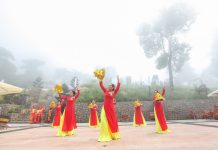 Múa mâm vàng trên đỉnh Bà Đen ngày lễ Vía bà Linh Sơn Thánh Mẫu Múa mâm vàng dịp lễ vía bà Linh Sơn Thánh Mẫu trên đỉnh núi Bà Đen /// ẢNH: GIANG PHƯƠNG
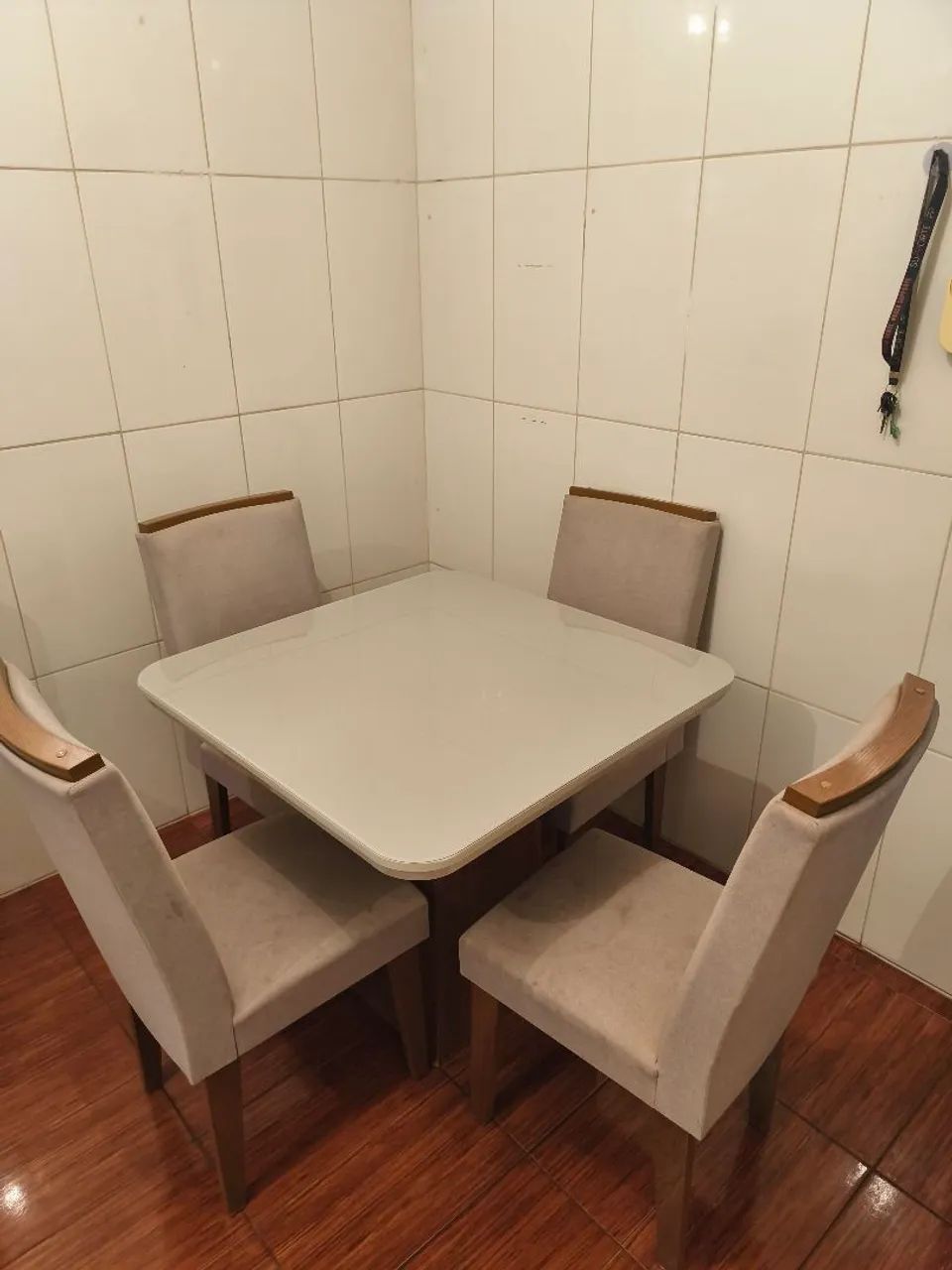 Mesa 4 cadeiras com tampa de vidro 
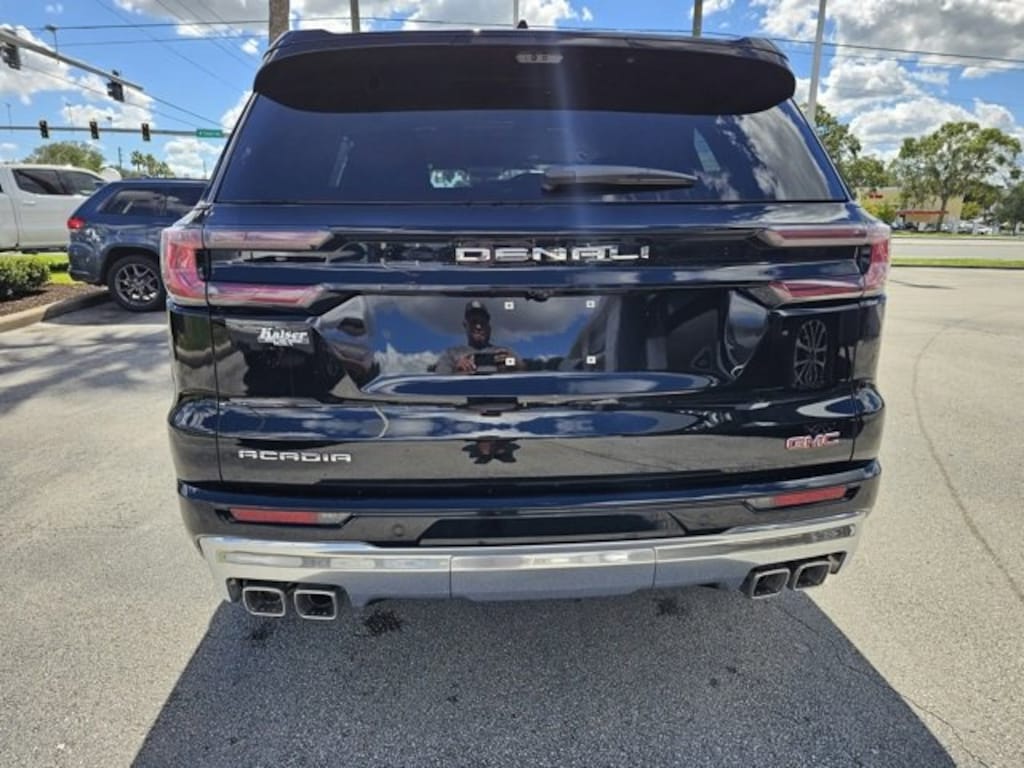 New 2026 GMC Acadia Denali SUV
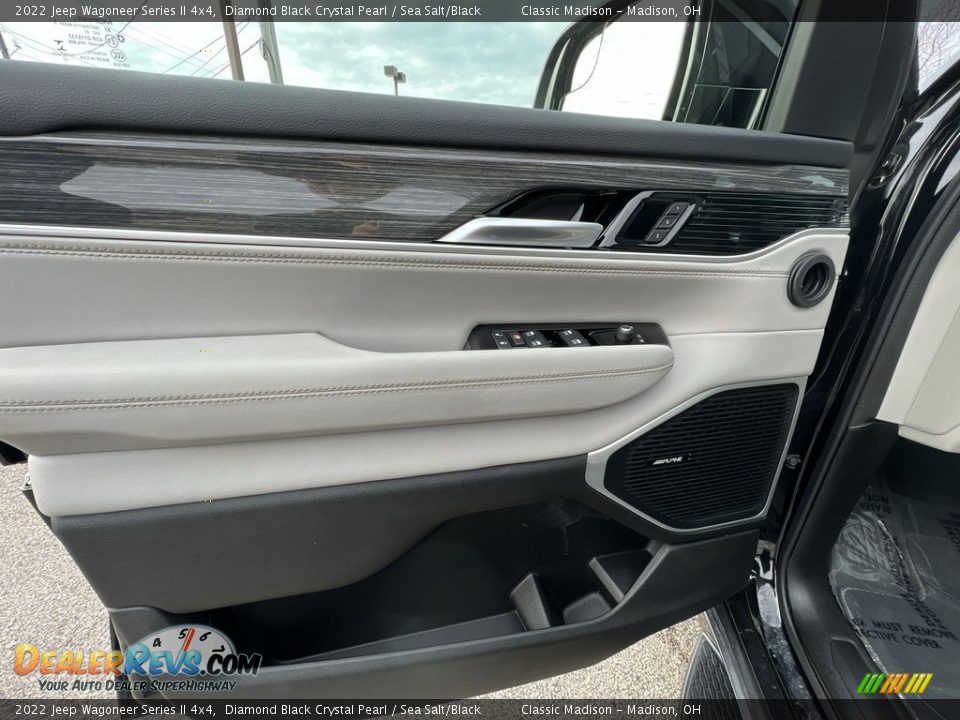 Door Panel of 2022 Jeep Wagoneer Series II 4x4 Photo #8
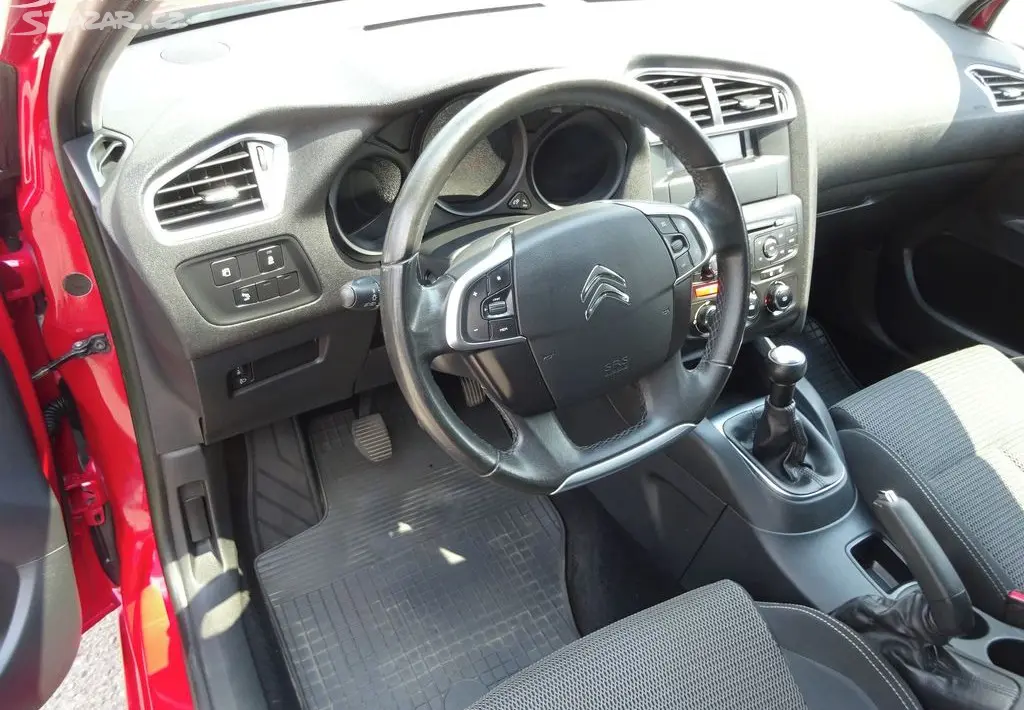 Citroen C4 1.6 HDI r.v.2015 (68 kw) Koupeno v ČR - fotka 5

□ □ □ □

## Goal of the exercise
Excluding all pictures, reproduce the records exactly as they appear above.

## Response to the task
 Múa mâm vàng trên đỉnh Bà Đen ngày lễ Vía bà Linh Sơn Thánh Mẫu Múa mâm vàng dịp lễ vía bà Linh Sơn Thánh Mẫu trên đỉnh núi Bà Đen /// ẢNH: GIANG PHƯƠNG
 Mesa 4 cadeiras com tampa de vidro 
 New 2026 GMC Acadia Denali SUV
 Door Panel of 2022 Jeep Wagoneer Series II 4x4 Photo #8
 Citroen C4 1.6 HDI r.v.2015 (68 kw) Koupeno v ČR - fotka 5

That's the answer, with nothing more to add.